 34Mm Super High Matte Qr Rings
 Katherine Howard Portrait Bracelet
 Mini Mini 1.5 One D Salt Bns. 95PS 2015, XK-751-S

Prompt:
Your job is to give the listing again exactly as it was written.

Solution to this problem:
 34Mm Super High Matte Qr Rings
 Katherine Howard Portrait Bracelet
 Mini Mini 1.5 One D Salt Bns. 95PS 2015, XK-751-S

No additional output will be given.